Im Fenster steht ein kleines Atatürk-Bild mit einer blinkenden Lichterkette um den Rahmen. Aber über Politik wird nach dieser Wahlnacht nicht mehr gesprochen. Tayyip Erdogans Bulldozer-Triumph öffnet den Weg zu weiteren zehn Jahren an der Macht - bis über 2023 hinaus, dem 100. Jahr der Republik, als nächster Staatschef oder wie bisher als Regierungschef: Es ist einerlei.

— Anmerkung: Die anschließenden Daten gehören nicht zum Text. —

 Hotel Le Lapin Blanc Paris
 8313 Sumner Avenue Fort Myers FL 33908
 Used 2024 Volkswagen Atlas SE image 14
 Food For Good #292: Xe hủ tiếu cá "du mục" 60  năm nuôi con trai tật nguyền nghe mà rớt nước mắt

Die Einführung der Sommerzeit ist in der Türkei der Wahlen wegen um eine Nacht verschoben worden, vom Sonntag auf den Montag. Der Energieminister hat es so angeordnet und damit nur Verwirrung gestiftet.

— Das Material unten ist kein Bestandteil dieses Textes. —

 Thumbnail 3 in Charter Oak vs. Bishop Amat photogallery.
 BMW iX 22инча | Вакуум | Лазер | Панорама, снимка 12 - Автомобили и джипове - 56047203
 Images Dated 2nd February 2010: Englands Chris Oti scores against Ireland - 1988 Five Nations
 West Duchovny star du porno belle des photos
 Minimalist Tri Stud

Am Wahlsonntag waren die Mobiltelefone schon eine Stunde weiter. Auch das mag die Rekordbeteiligung der Türken erklären: 87 Prozent stimmten bei den Kommunalwahlen ab und verschafften den regierenden Konservativ-Religiösen einen neuen, den achten Wahlsieg in Folge. "Die alte Türkei gibt es nicht mehr. Hier ist die neue Türkei!", rief Tayyip Erdogan in der Nacht vom Balkon des Betonpalasts in Ankara, der seine Partei beherbergt. "Die Türkei ist stolz auf dich!", schallte es von der Menschenmenge unten zurück.

Kampf und Vernichtung

2011 war Erdogan hier schon gestanden, nach einem fulminanten Sieg bei den Parlamentswahlen, bei dem er den Stimmenanteil für seine AKP gar noch auf knapp 50 Prozent vergrößern konnte. Damals kündigte Erdogan Reformen für alle Türken an. Nun spricht er von Kampf und Vernichtung.

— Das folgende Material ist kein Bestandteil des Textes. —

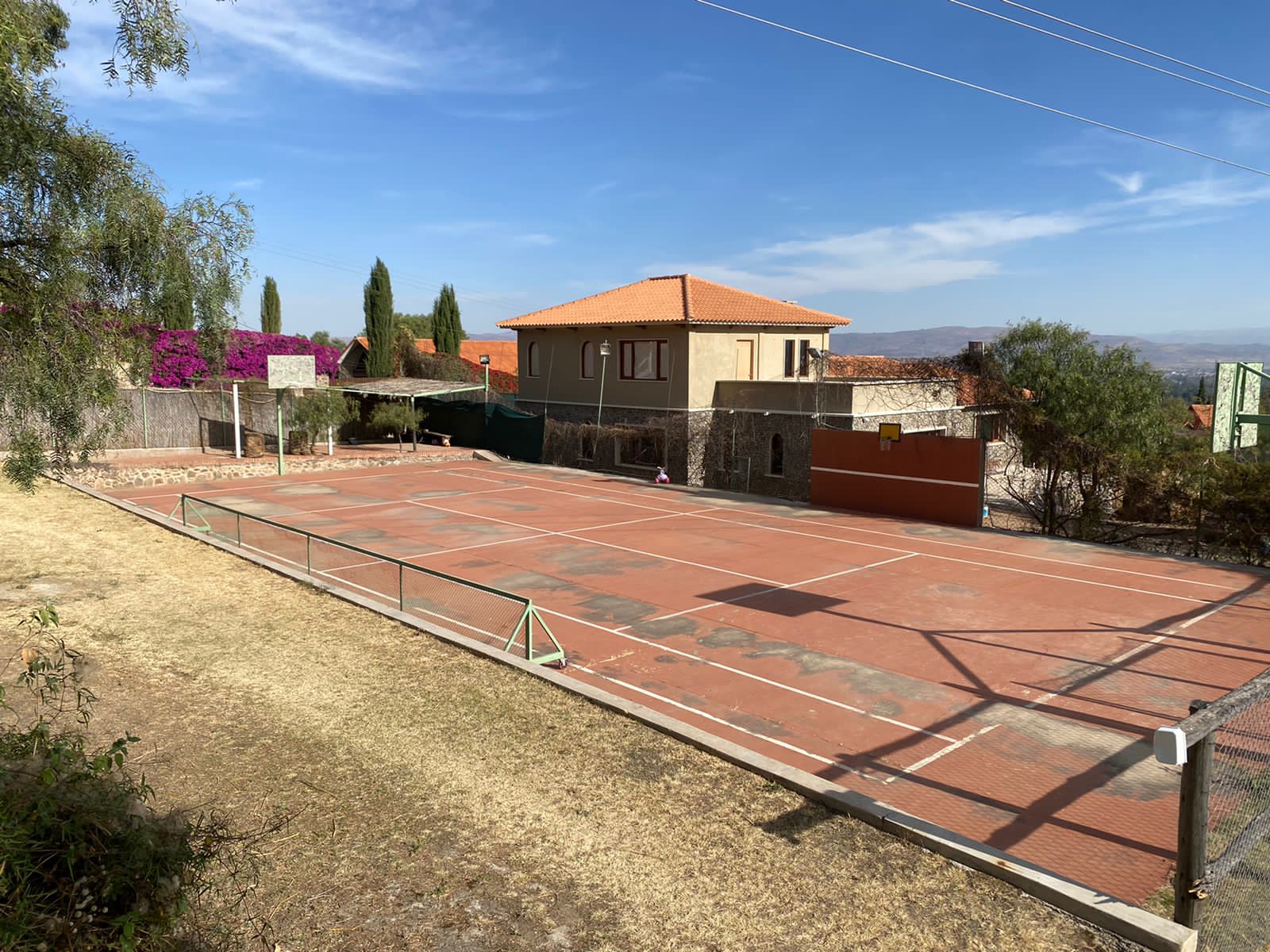 HERMOSA CASA DE LUJO EN TIQUIPAYA, IDEAL PARA HOTEL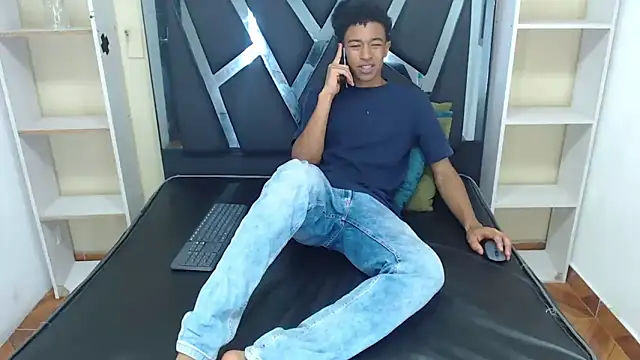 Rocco Grey online show from October 2025 07:12:02 PM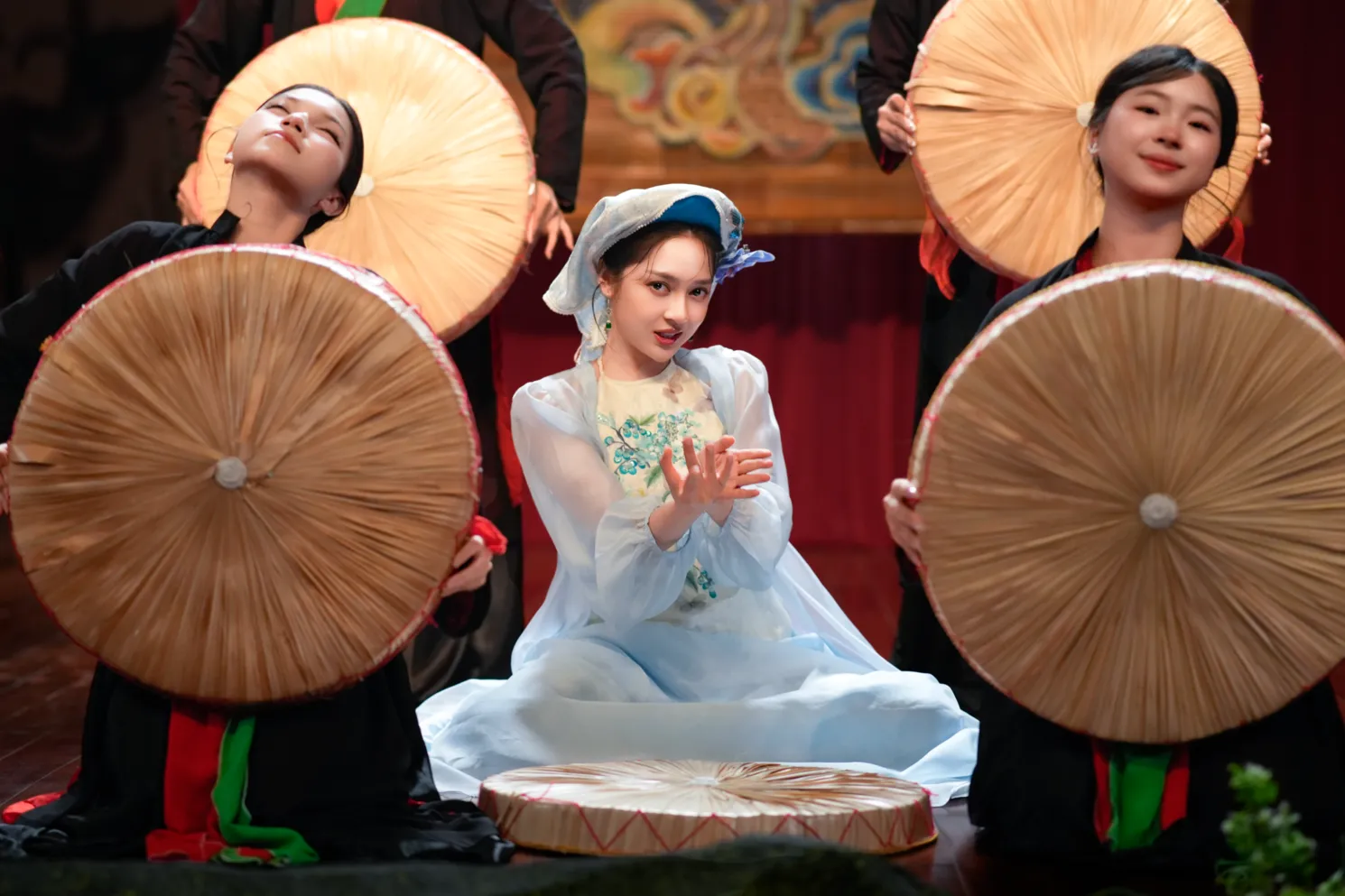 Bảo Anh và Masew tái sinh “Nghiêng nước nghiêng thành” cho Chị chị em em 3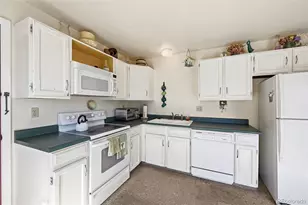 6222 W 70th Ave, Arvada, CO 80003 - Photo 6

Drei Monate Destabilisierungskampagne liegen zurück. Das einflussreiche Netzwerk des Predigers Fethullah Gülen hat mit Erdogan gebrochen: Der Premier ist autoritär geworden, die EU kümmert ihn nicht länger, mit der Schließung der Nachhilfeschulen, der wichtigsten Rekrutierungsbecken der Gülen-Bewegung, will er dem Netzwerk das Genick brechen. Als Antwort kamen die Korruptionsermittlungen gegen die Regierung und die Flut von abgehörten Telefongesprächen des Premiers. "Sie werden dafür bezahlen", drohte Erdogan vom Balkon in Ankara. "Von morgen an werden einige fliehen."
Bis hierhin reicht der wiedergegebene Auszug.